Friedman's article generated a storm of controversy and a stream of rejoinders, some of them quite cogent. Without delving into this fascinating debate, we can point out here that ultimately there is more agreement than dispute. Even Friedman acknowledges that many kinds of corporate giving are appropriate; while even his rivals generally acknowledge that we don't want business firms to become busy-bodies, occupying themselves with the conduct of their neighbors more than with the success of their products.
From an ethical point of view, we can validate Friedman's claim that managers are ultimately managing other people's money and should advance the shareholders' interests; at the same time, we can recognize that shareholders have ethical as well as financial interests, and managers are charged with representing both.
If I run my own business, it is certainly ethical for me to be focused on business success. Of course I have to give charity, but this can be done from the proceeds of the business. But if my business activity itself gives me some unique opportunity to help others, it would be wrong for me to pass up this opportunity with the claim that I'm at work. We should never let a mitzvah slip through our hands! (1)

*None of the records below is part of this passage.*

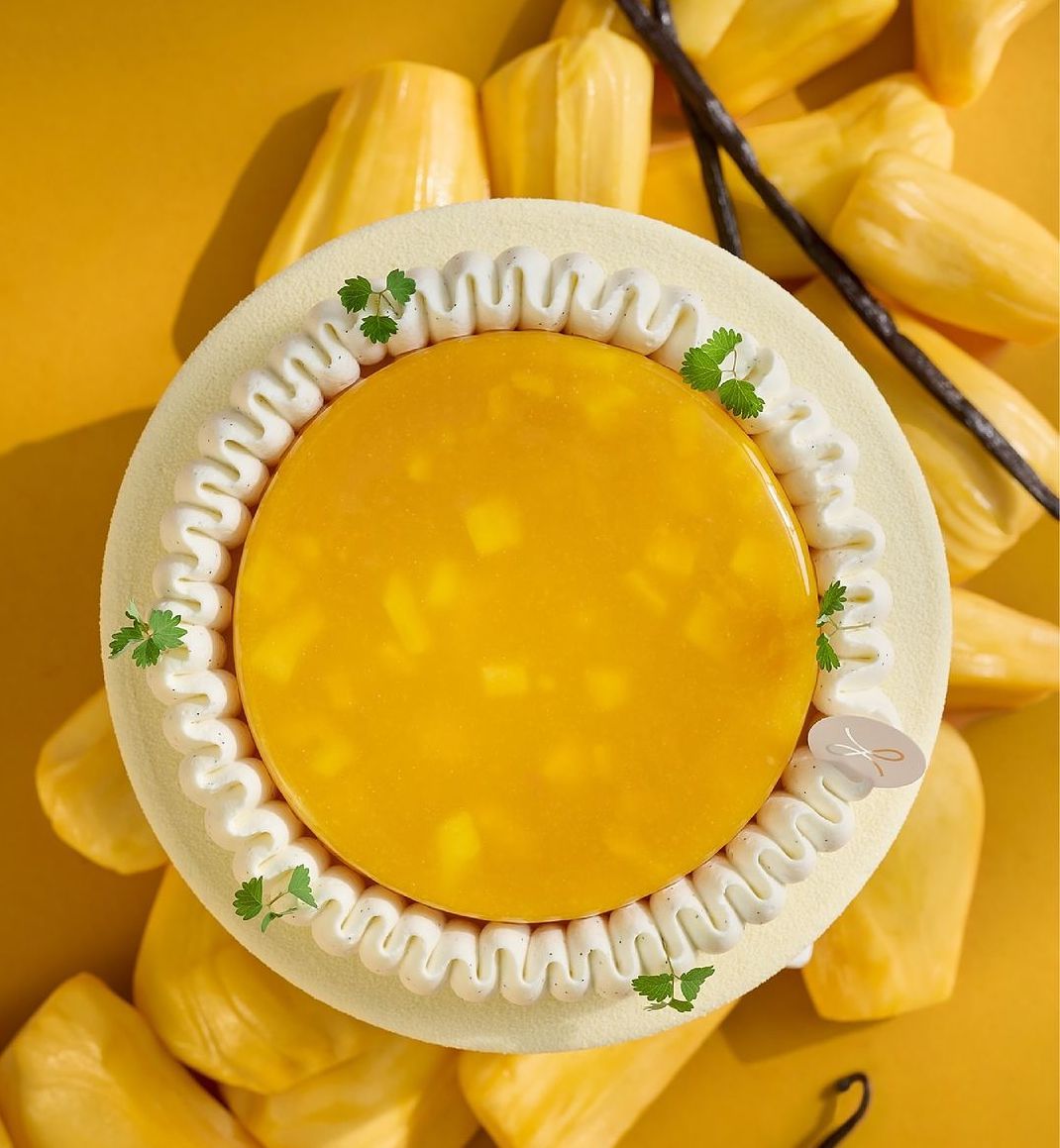 A jackfruit and vanilla cake (Photo: Instagram / @lacherpatisserie)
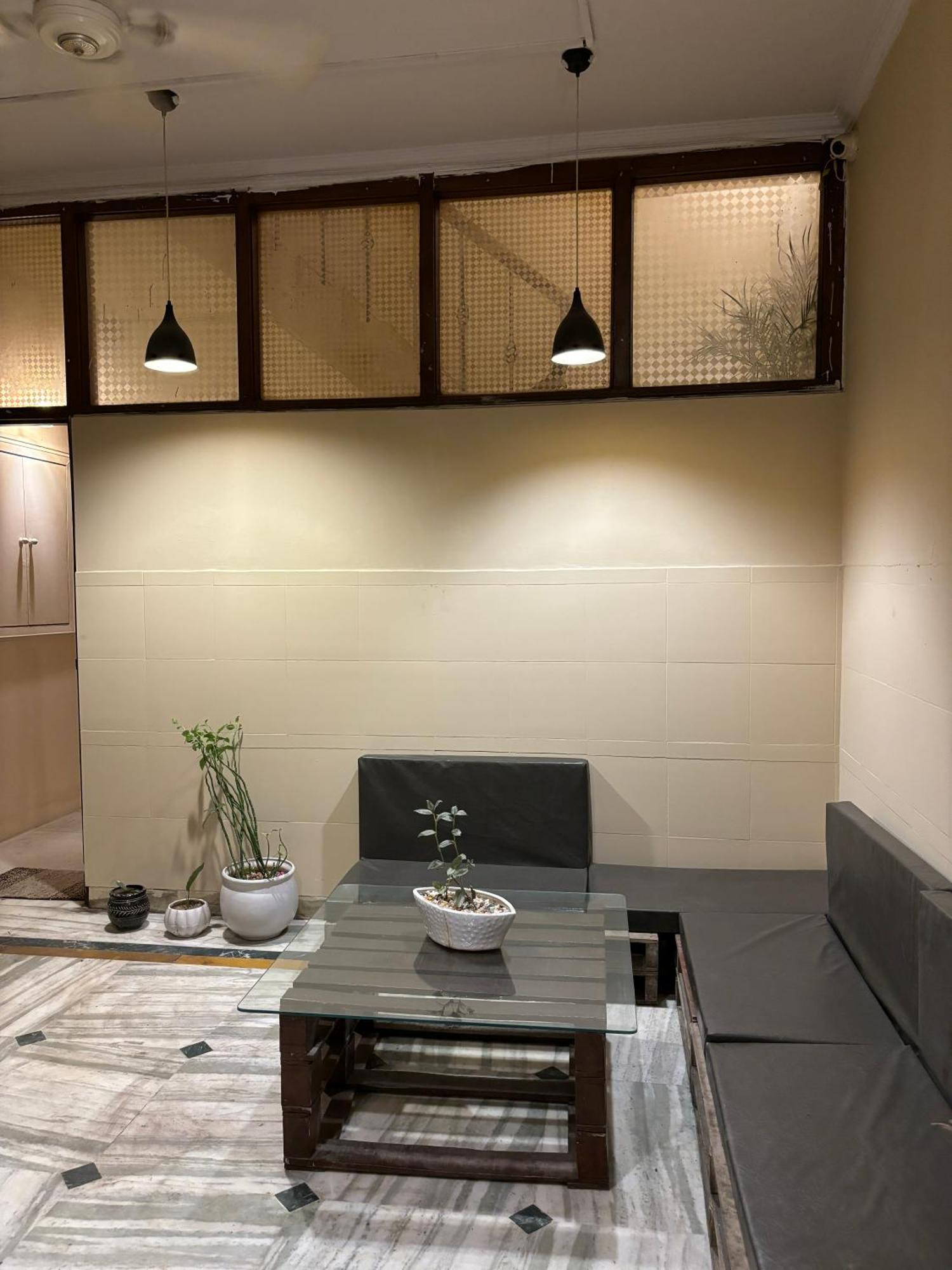 Atharva'S Homestay By Goaround Homes - Nehru Enclave Metro, South Delhi Nuova Delhi Esterno foto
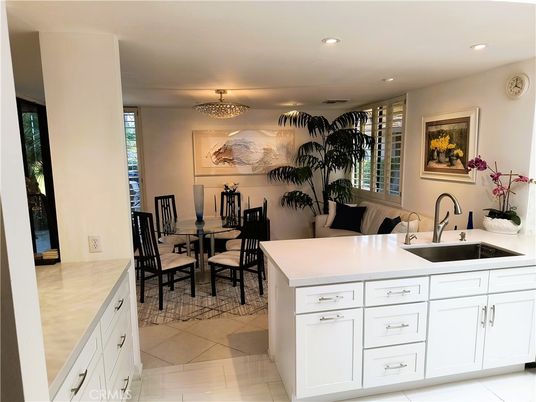 Dining room, Interior, Recessed Lighting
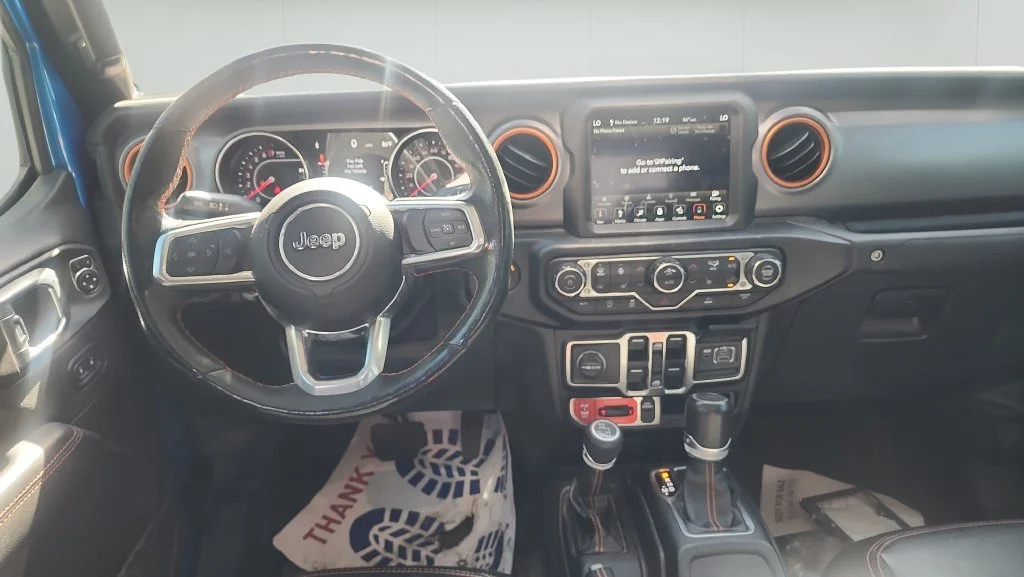 Used 2022 Blue Jeep Mojave image 16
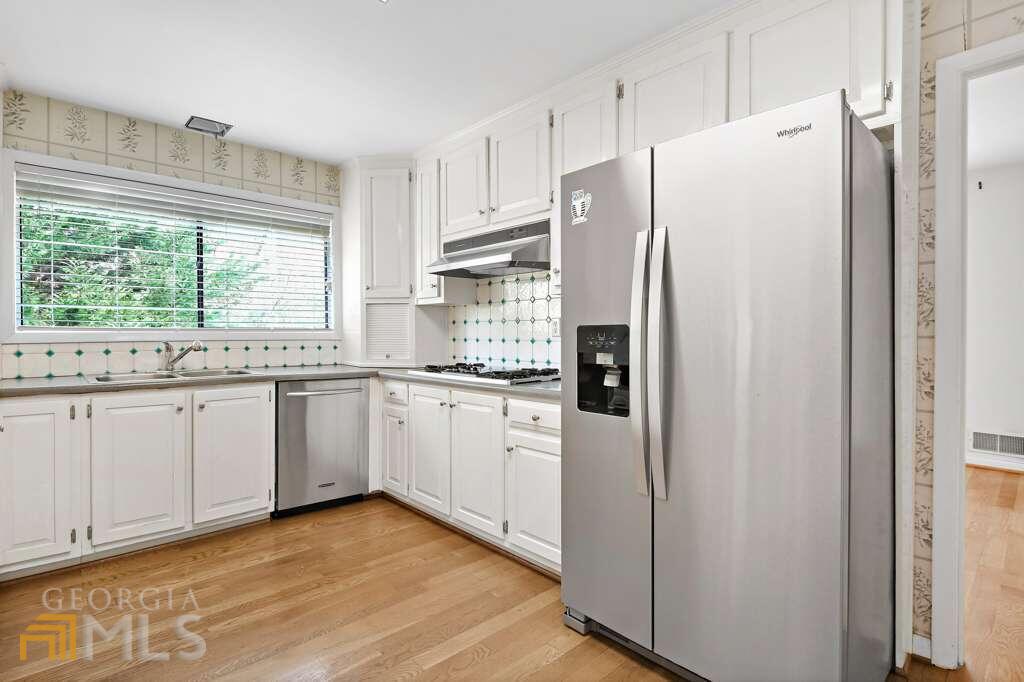 Kings Cove - Residential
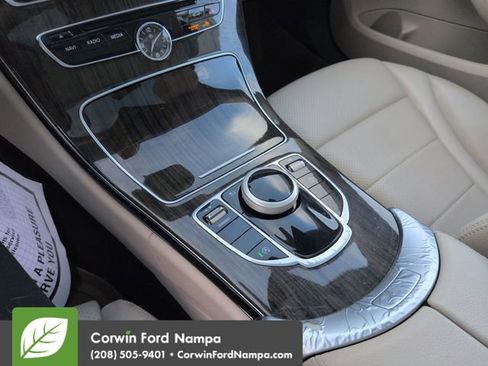 Used 2017 Mercedes-Benz C 300 4MATIC Sedan image 18
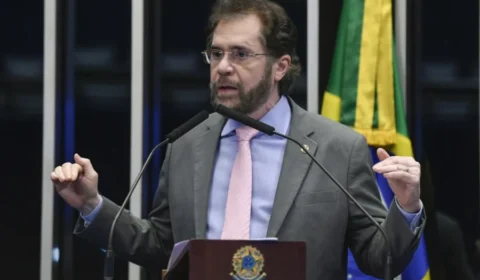 Funai tenta impedir senadores da República em terra indígena: ‘se o governo quer guerra, vai ter’, diz Plínio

This principle doesn't disappear when the business is run by managers. Managers should be focused on business success, not on "do-gooding." They shouldn't be giving charitable donations on behalf of the owners, since the owners can decide for themselves what they want to give. (2) But usually the work environment and resources themselves provide unique opportunities to help others or to minimize damage. Managers who take advantage of these opportunities are not shirking their financial duty to shareholders; rather, they are fulfilling their ethical duty.
Corporate social responsibility is just an extension of the individual social responsibility of the owners. It follows that managers should not make arbitrary decisions about how to allocate profits to worthy charities. But they should take account of unique opportunities to help the community which present themselves specifically in the context of the firm's activities and strengths.